As young millennials turn their back on all that glitters, one Dubai-based diamond seller believes that with the right retail concept, diamonds will indeed be forever.
Fergus Appleton, CEO and owner at Dubai Rocks, is hoping that the opening of the region’s first diamond museum will help engage millennials in an industry beset by a bad reputation for ‘blood diamonds’ and competition from synthetically cultivated stones.
“We’re planning a revolutionary retail concept that brings some tangibility and interactive learning to our process,” Appleton told Inc. Arabia.
The new retail concept will, according to him, highlight the worth of naturally-sourced diamonds by charting their journey from mother-nature’s formation, into the hands of highly skilled craftsmen mining, cutting and polishing them.
“We go through a process with the customer [where] we educate them…we talk to them about the ethics of the business. It will show you where the rough diamond was mined, what it looks like, where it got sold, and what happens to it before it ends up in a ring.
According to Appleton, this will engage people in not just the products, but in the industry in a way that they haven’t been able to do before.
Their new retail concept will replicate diamond museums in Bruges and Amsterdam, which offer diamond polishing shows, and treasure chambers of precious diamond collections dating as far back at the 16th century.
The museum will be composed of different sections that aim to recreate the sensory experience offered in lavish department stores such as London’s Selfridges, he added.
A floor plan seen by Inc. Arabia maps out a centerpiece diamond bar, showcasing a selection of real diamonds of differing shapes and colors.
Appleton will also have replicas of the most famous diamonds such as the largest cut diamond in the world, the Cullinan (also known as the Star of Africa); the priceless, colorless Koh-i-Noor diamond set in the Queen Mother’s crown in Britain; and the world’s largest black diamond.
Another section is equipped with ‘black boxes’ where visitors would get to explore themes such as ‘diamond fluorescence,’ the soft glow emitted after a gem has been exposed to UV light.
“We are going to have things in here that are interactive so people can get hand-on experience understanding what different dynamics of the diamond are about,” he said.
Another area will be dedicated to local designers in partnership with a local design school: “Every single month we’re going to have students there who would create their designs, and we make it for them.

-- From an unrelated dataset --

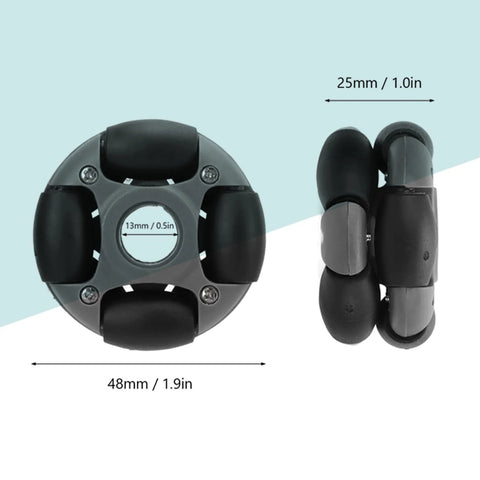 Front and side views of omni-directional robot wheel module with four rubber rollers on gray housing; 48mm diameter, 13mm bore.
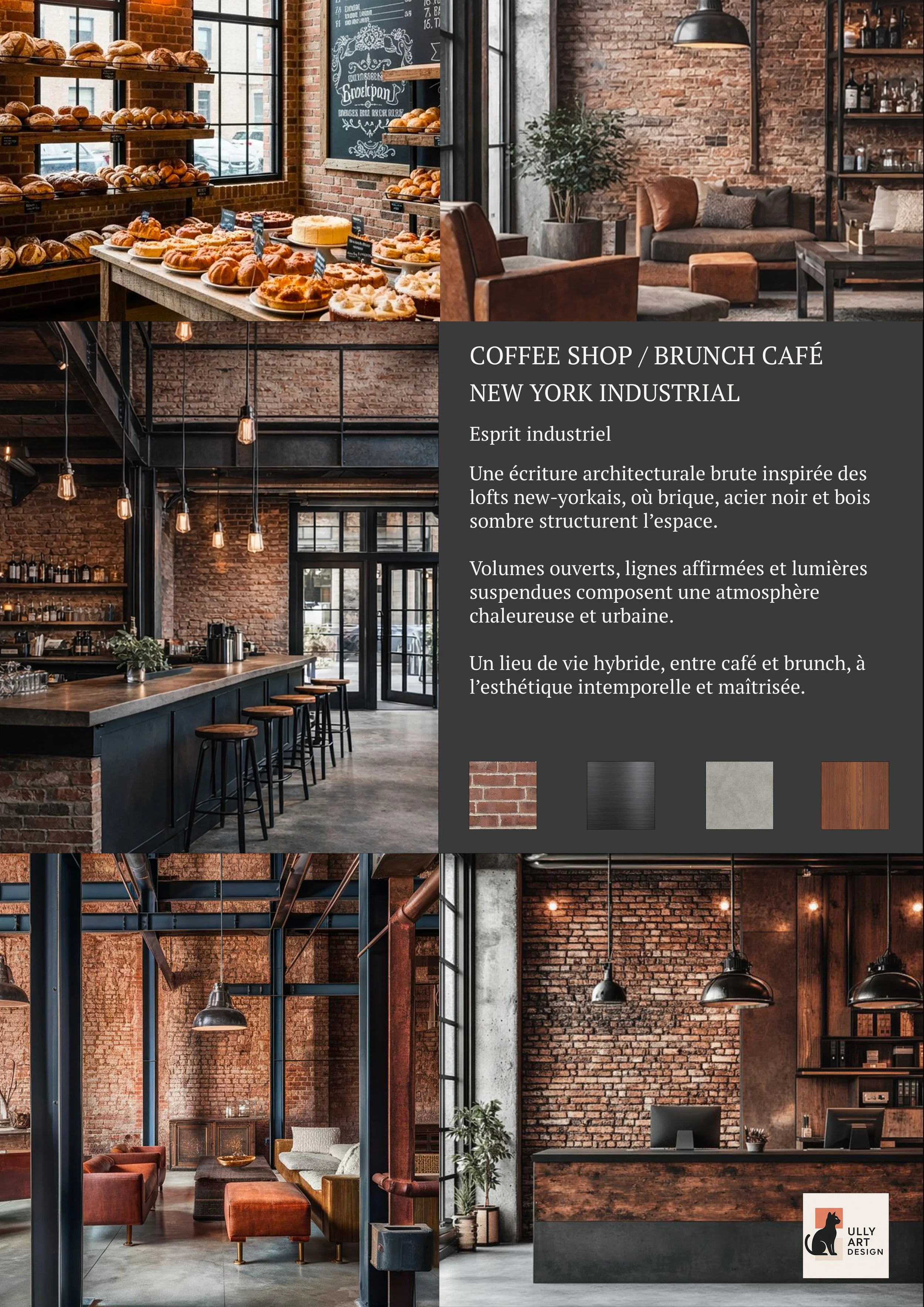 Un intérieur de coffee shop et salon de thé avec un style industriel industriel et moderne, comprenant une zone de dégustation avec étagères de pâtisseries et un comptoir au design brut en bois, acier noir, briques apparentes, et un espace lounge avec canapés et tables.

So there’s a local influence in there.”
The store opening in September will target a range of customers from those shopping for billionaire bling to simple diamond sparkler engagement rings.
Appleton set up his hybrid-online diamond store, Dubai Rocks, in 2013, that offers custom made diamond jewelry at a third of high street prices, by saving on retail space and VAT, he said.
His store, according to him, is a diamond in the rough in Dubai, where aggressive haggling in diamond districts, such as the Dubai Gold and Diamond Park, is the price of doing business here.
“If you come to us and haven’t got a clue what you’re doing, and we know you haven’t got a clue, you’ll still get a great deal.”